Content starts
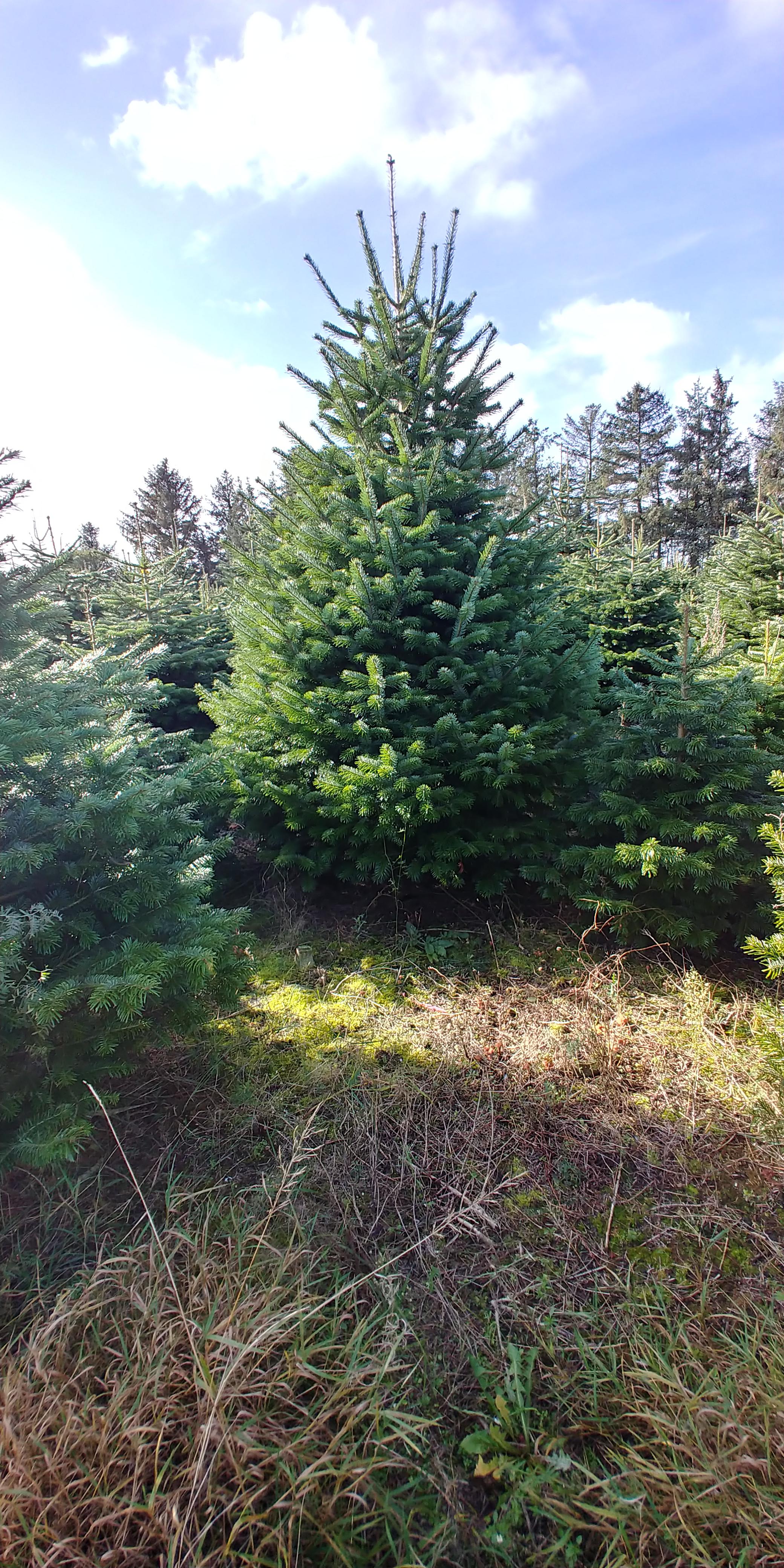Images SH Christmas Trees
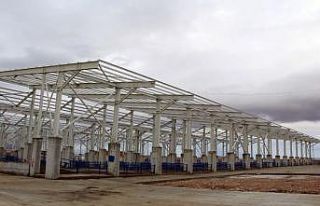 Boğazlıyan’da hayvan pazarı kapatıldı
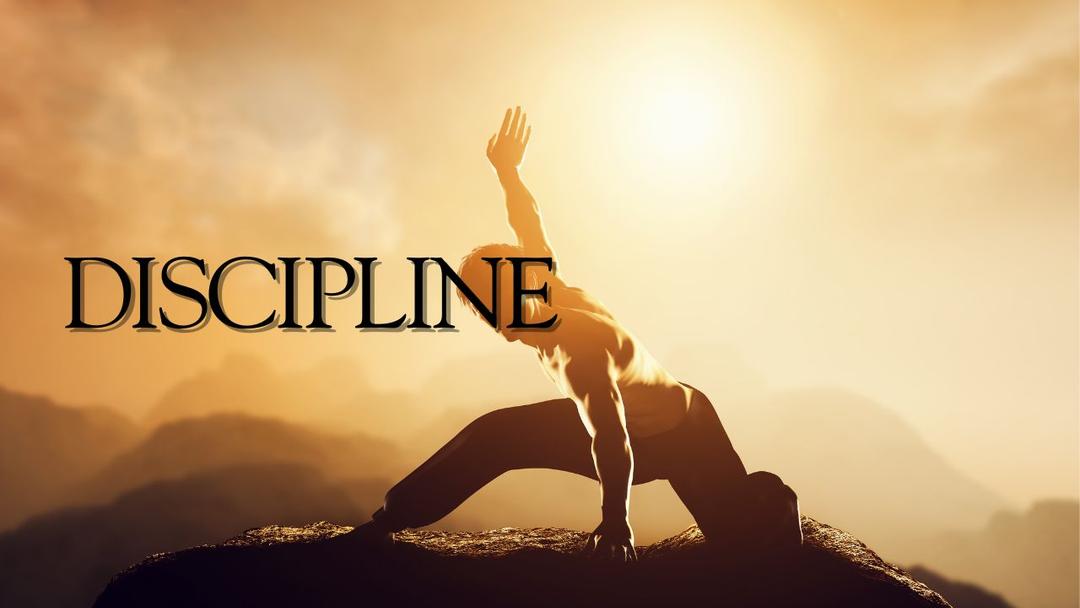Discipline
Content ends
The expected answer is the listing above, duplicated exactly, with its pictures removed.

Images SH Christmas Trees
 Boğazlıyan’da hayvan pazarı kapatıldı
Discipline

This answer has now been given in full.